The front of the New York Times Sunday Review gave very unconvincing credence to the self-serving liberal idea of “authoritarian” Republican voters: “Is There Such a Thing as an Authoritarian Voter?" In case the point was missed, the inside page and online teaser to the story by Molly Worthen (a professor and contributing opinion writer) featured a photo of a speechifying President Trump.
Even though it’s the Democratic Party that wants a larger, more intrusive federal government, more regulation, and favors speech-squelching of social conservative statements by big liberal companies (Google, Twitter), Worthen nevertheless tied Trump and Republicans in general to xenophobic and racist beliefs -- and (gasp!) disrespect for the media.
A recession might be just around the corner, but for experts in the field of “authoritarian studies,” these are boom times. Jonathan Weiler, a political scientist at the University of North Carolina at Chapel Hill, has spent much of his career studying the appeal of authoritarian figures: politicians who preach xenophobia, beat up on the press and place themselves above the law while extolling “law and order” for everyone else....
Worthen's muddled article links those traits in bold above to Trump voters and the GOP in general.
Could it be that millions of President Trump’s supporters are simply wired to see the world very differently from his critics? “In 2018, the sense of fear and panic -- the disorientation about how people who are not like us could see the world the way they do -- it’s so elemental,” Mr. Weiler said....
Recent social scientific research has paid special attention to the supposedly authoritarian personalities of many Republican voters. “Trump’s electoral strength -- and his staying power -- have been buoyed, above all, by Americans with authoritarian inclinations,” wrote Matthew MacWilliams, a political consultant who surveyed voters during the 2016 election. But what, exactly, is an “authoritarian” personality? How do you measure it?

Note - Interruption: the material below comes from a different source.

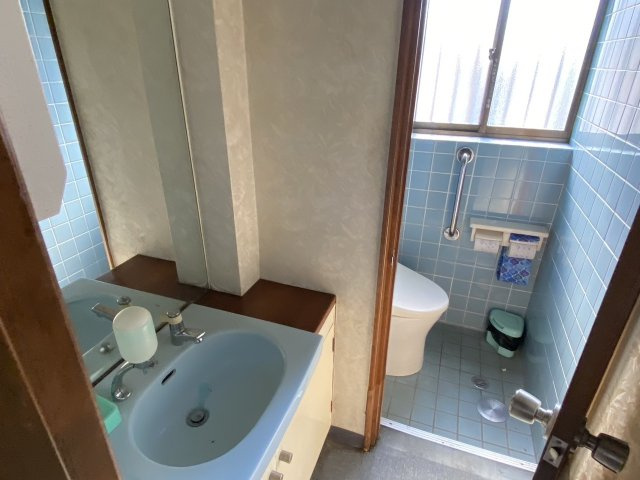 西条市下島山甲1358-1　店舗のその他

She imparted a history lesson to compare today’s Trump voters with American supporters of the Nazi regime.
In the years after World War II, the philosopher (and German refugee) Theodor Adorno collaborated with social scientists at the University of California at Berkeley to investigate why ordinary people supported fascist, anti-Semitic ideology during the war. They used a questionnaire called the F-scale (F is for fascism) and follow-up interviews to analyze the “total personality” of the “potentially antidemocratic individual.”
The resulting 1,000-page tome, “The Authoritarian Personality,” published in 1950, found that subjects who scored high on the F-scale disdained the weak and marginalized. They fixated on sexual deviance, embraced conspiracy theories and aligned themselves with domineering leaders “to serve powerful interests and so participate in their power,” the authors wrote. Some of their conclusions hold up well -- Adorno and his colleagues could easily have been describing Alex Jones’s paranoid Infowars rants or the racist views expressed by many Trump supporters.
Worthen briefly admitted that “Skeptics complained that the F-scale conflated fascism with conservatism,” but still saw merit in the psychobabble when it put Republicans on the couch.
Political scientists often dismiss “The Authoritarian Personality” as a relic of its time, but some still speculate about Republican voters’ relationships with their fathers (and Mr. Trump’s own relationship with his). And perhaps the most popular method for studying modern authoritarianism takes its cue from one of the F-scale’s prompts: “Obedience and respect for authority are the most important virtues children should learn.”....
But Worthen had to duck an inconvenient racial finding that called into question the “authoritarian” explanation that is supposedly driving the white conservative political worldview. Her solution? Pretend that favoring “obedience and respect for authority” as parents doesn’t reflect badly on African-Americans, only on “anxious” whites.
Moreover, using the child-rearing questionnaire, African-Americans score as far more authoritarian than whites. This result forced researchers to grant what should have been obvious: Attitudes toward parenting vary across cultures, and for centuries African-Americans have seen the consequences of a social and political hierarchy arrayed against them, so they can hardly be expected to favor it -- no matter what they think about child rearing. The child-trait test, then, is a tool to identify white people who are anxious about their decline in status and power.